---------- EXTRACTED RECORDS

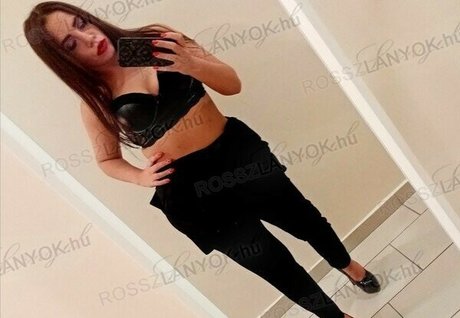 vivi2416 porn actress img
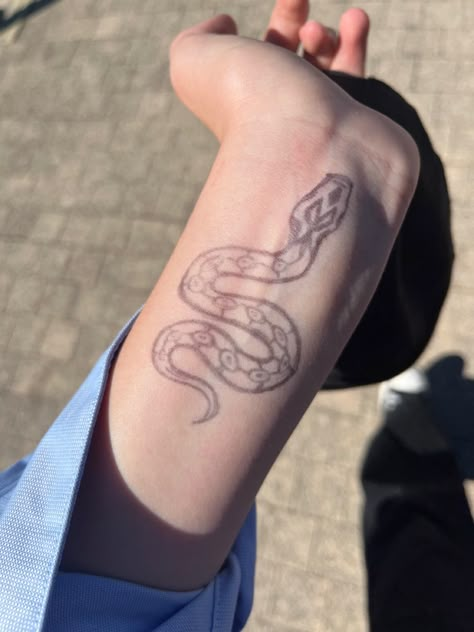 Drawing On Ur Hand Ideas, Drawing On Arm Ideas Pen, Arm Pen Tattoo, Pen Drawings On Arm, Wrist Doodles, Things To Draw On Your Hand With Pen Easy, Hand Art With Pen, Stuff To Draw On Your Arm, Easy Hand Drawings On Hand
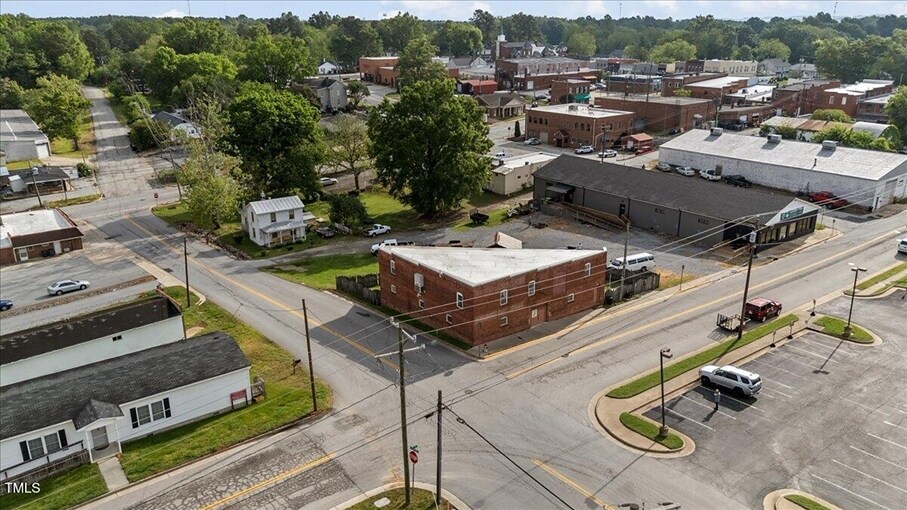 More Photos Of 306 W Main St, South Hill Flex For Lease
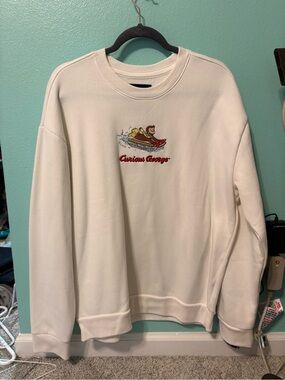 Hollister White Curious George winter/Christmas Graphic Crewneck Sweatshirt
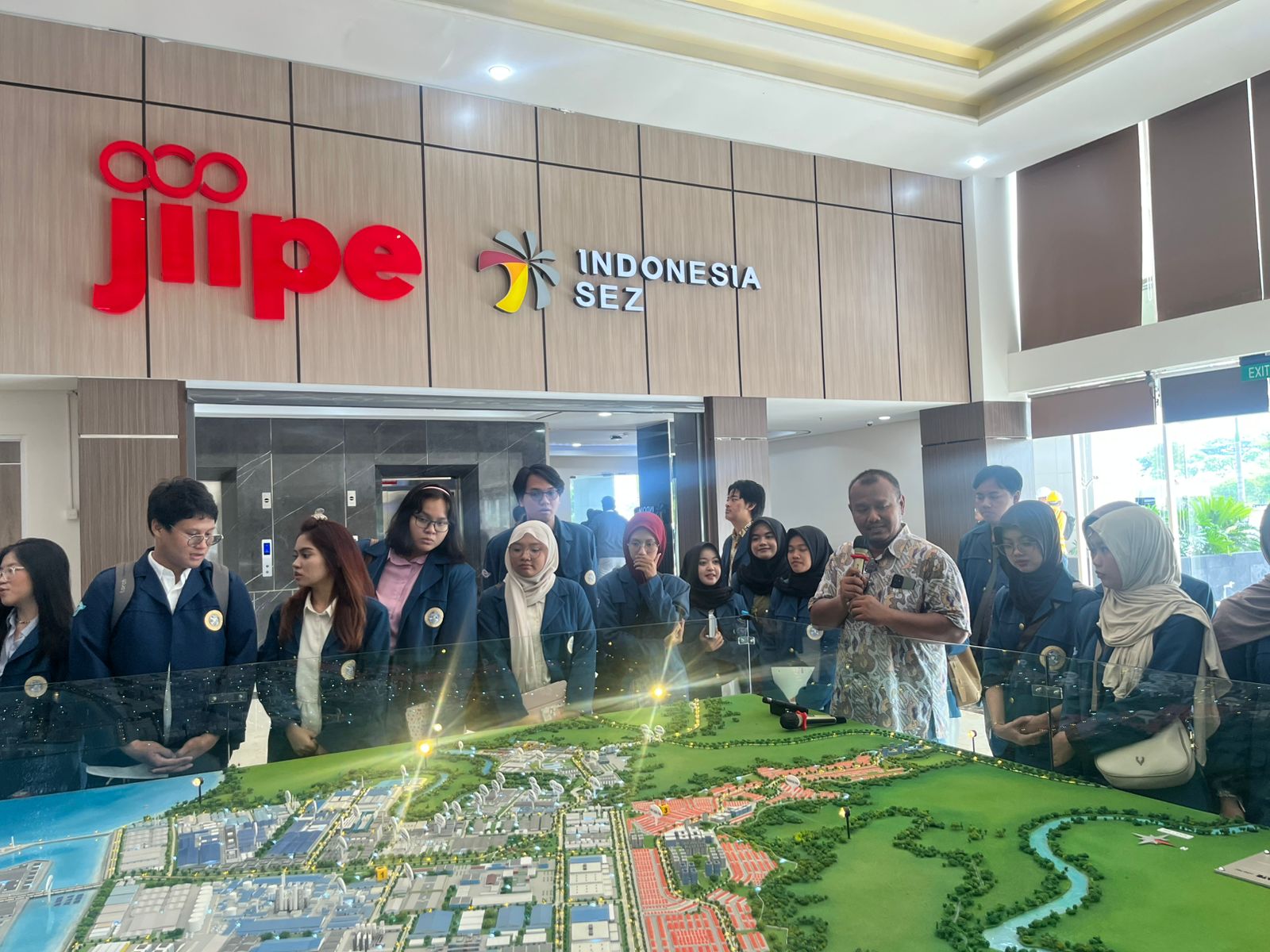 Mahasiswa Manajemen FEB Unair Perkuat Wawasan Industri Lewat Business Visit ke JIIPE dan BEI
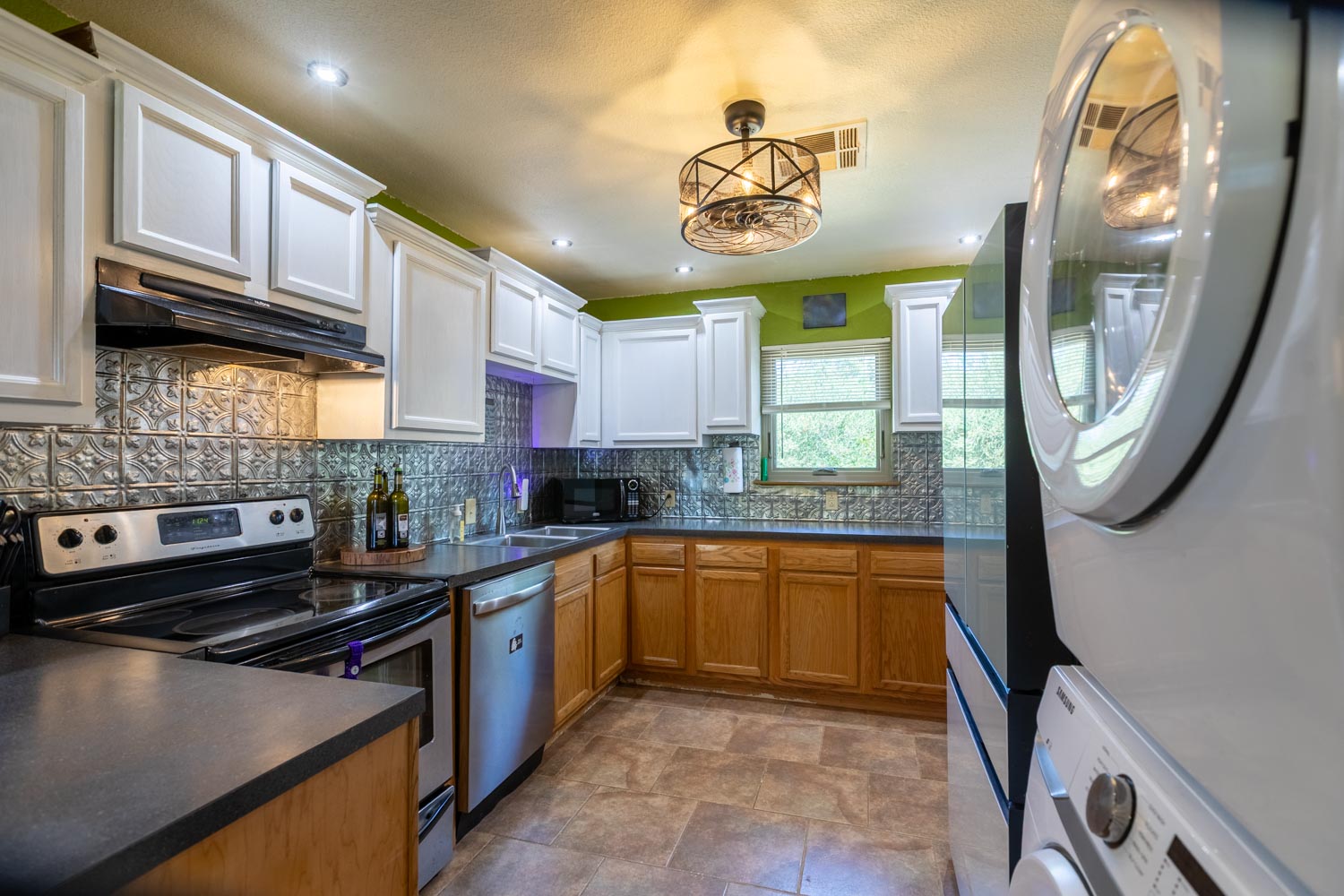 1251 W Taylor Sallisaw OK 74955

--------------------

> _EXERCISE AIM_: From the line containing "Hollister White Curious" down to the final line of the records above, restate every line word for word, add nothing, and skip the pictures.

> _TASK SOLUTION_:
 Hollister White Curious George winter/Christmas Graphic Crewneck Sweatshirt
 Mahasiswa Manajemen FEB Unair Perkuat Wawasan Industri Lewat Business Visit ke JIIPE dan BEI
 1251 W Taylor Sallisaw OK 74955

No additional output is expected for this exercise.